Please copy exactly the part of the records below that opens with the line containing "Edificio all\'aperto - Three-room" and closes with the line containing "150/A, Monreale - photo 2", leaving out any pictures.

Dataset records:
********************
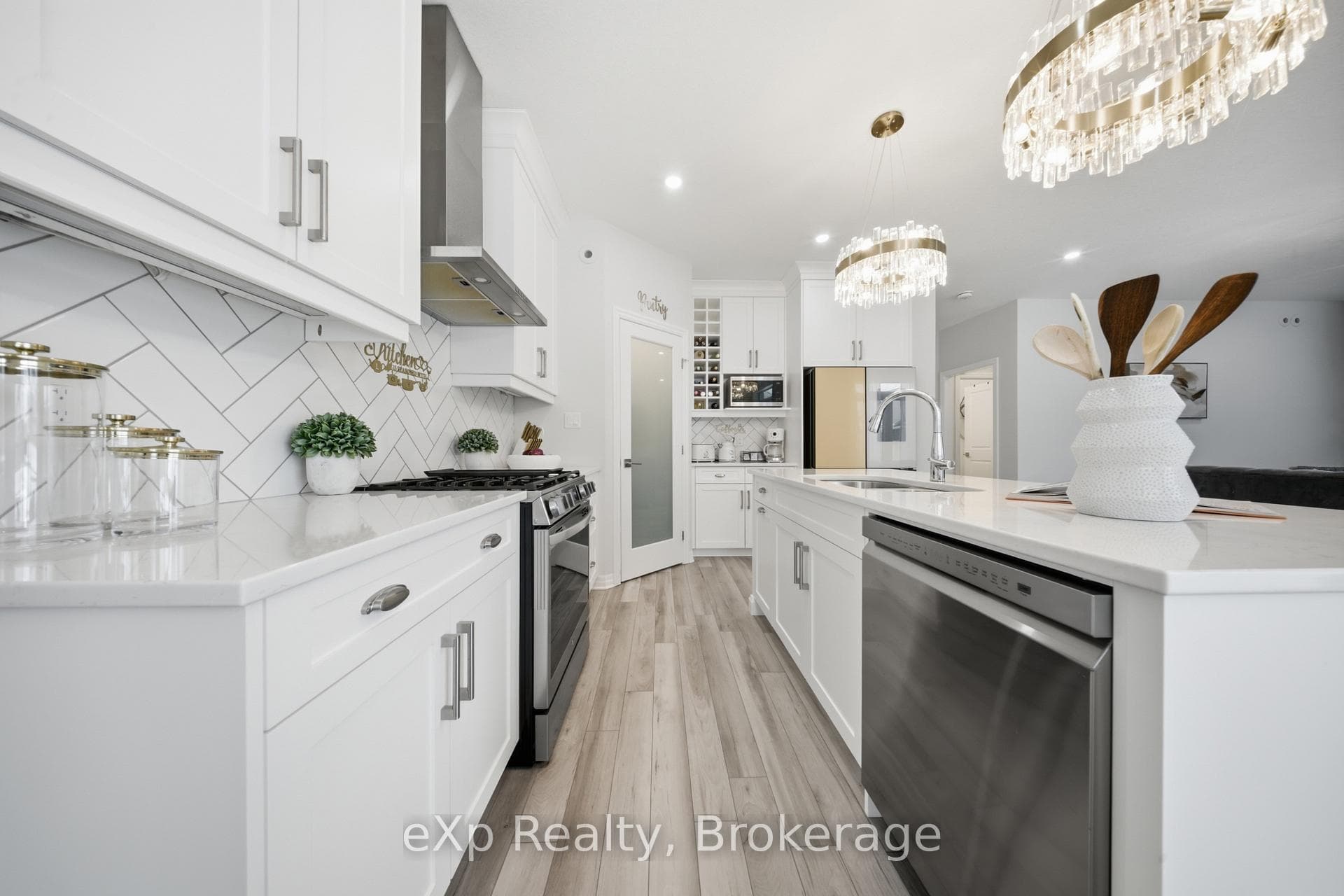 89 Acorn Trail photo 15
********************
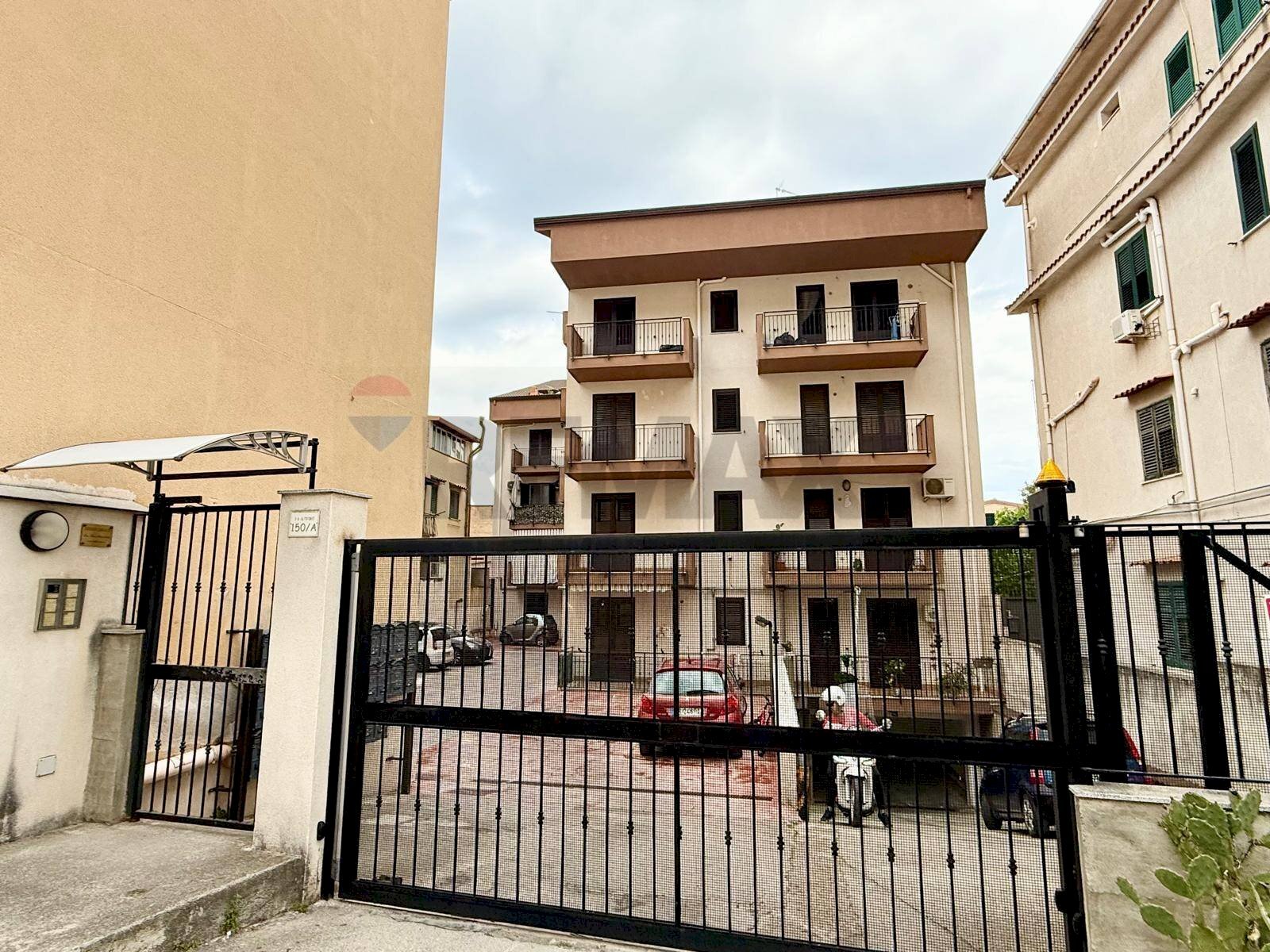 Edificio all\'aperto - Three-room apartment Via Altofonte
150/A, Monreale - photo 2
********************
Solution to the exercise:
 Edificio all\'aperto - Three-room apartment Via Altofonte
150/A, Monreale - photo 2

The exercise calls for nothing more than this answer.